Pyotr Zalomov 3 Mayıs 1877 yılında Nijni-Novgorod'ta doğdu. Bir mekanik işçisinin oğlu olan Zalomov 1892 yılında devrimci mücadeleye atıldı. 1901-1902 yıllarında RSDİP Sormovo örgtünde çalıştı. 1902 Mayıs olayları sırasında Sormovo'da tutuklandıktan sonra ömür boyu kaydıyla doğu  Sibirya'ya sürgüne gönderildi. 1905 yılında Maksim Gorki tarafından gönderilen para yardımıyla Sibirya'dan kaçtı ve Kiev, Moskova ve Peterburg'da gizlice yaşadı. Peterburg'da 1905 ayaklanmalarına katıldı, silahlı işçi kıtalarının kurulmasında görev aldı. 1906 yılında ciddi şekilde bozulan sağlığı yüzünden aktif mücadeleden ayrıldı. 1917 devriminden sonra Bolşeviklere katılarak Kursk bölgesi örgütünde çalışmaya başladı. 1918-20 yılları arasında iç savaşta Denikin'in adamları tarafından yakalanarak işkencelerden geçirildi.
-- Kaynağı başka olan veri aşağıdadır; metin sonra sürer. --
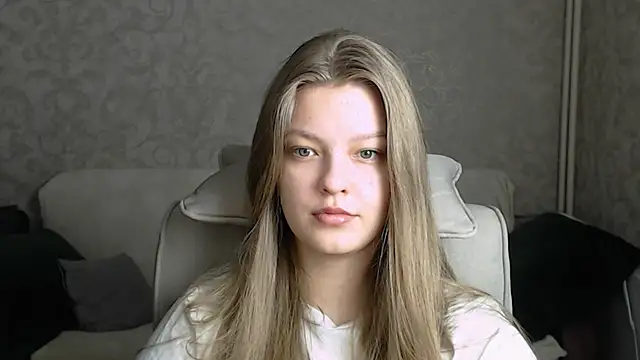 Snapshot of EmySway chatting on February 14, 1:13 am EmySway online show from February 14, 1:13 am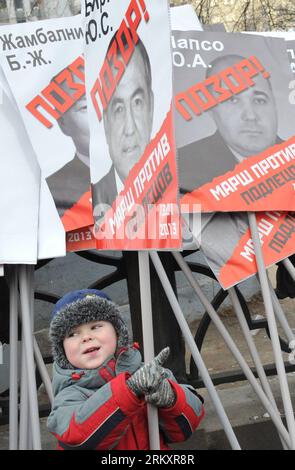 Bildnummer: 59074850 Datum: 13.01.2013 Copyright: imago/Xinhua (130113) -- MOSKAU, 13. Januar 2013 (Xinhua) -- Ein Kind hält Ein Plakat während des Protestes gegen das Anti-Magnitsky-Gesetz in der russischen Innenstadt, 13. Januar 2013. Das von Präsident Wladimir Putin am 28. Dezember 2012 unterzeichnete Anti-Magnitsky-Gesetz verbietet US-Bürgern die Adoption russischer Waisen und ist Teil der Reaktion Russlands auf das US-Magnitsky-Gesetz, das Sanktionen gegen russische Beamte im Zusammenhang mit dem Tod von Sergej Magnitsky einführte. ein Anwalt, der 2009 in einem Moskauer Untersuchungsgefängnis starb. (Xinhua) RUSSLAND Stockfoto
Bu sebeple uzun yıllar sağlığını düzeltemedi. 1929 yılında tarımın kollektivizasyonu çalışmalarına katıldı, Lenin Ödülü kazandı. 18 Mart 1955 günü Moskova'da yaşamını noktaladı.

1956 yılında Moskova'da Zalomov ailesi ile ilgili tüm belgeler toplanarak bir araya getirildi. 1963 yılında G.N. Makarov tarafından Devrimci İşçi Pyotr Zalomovadlı bir kitap yayınlandı.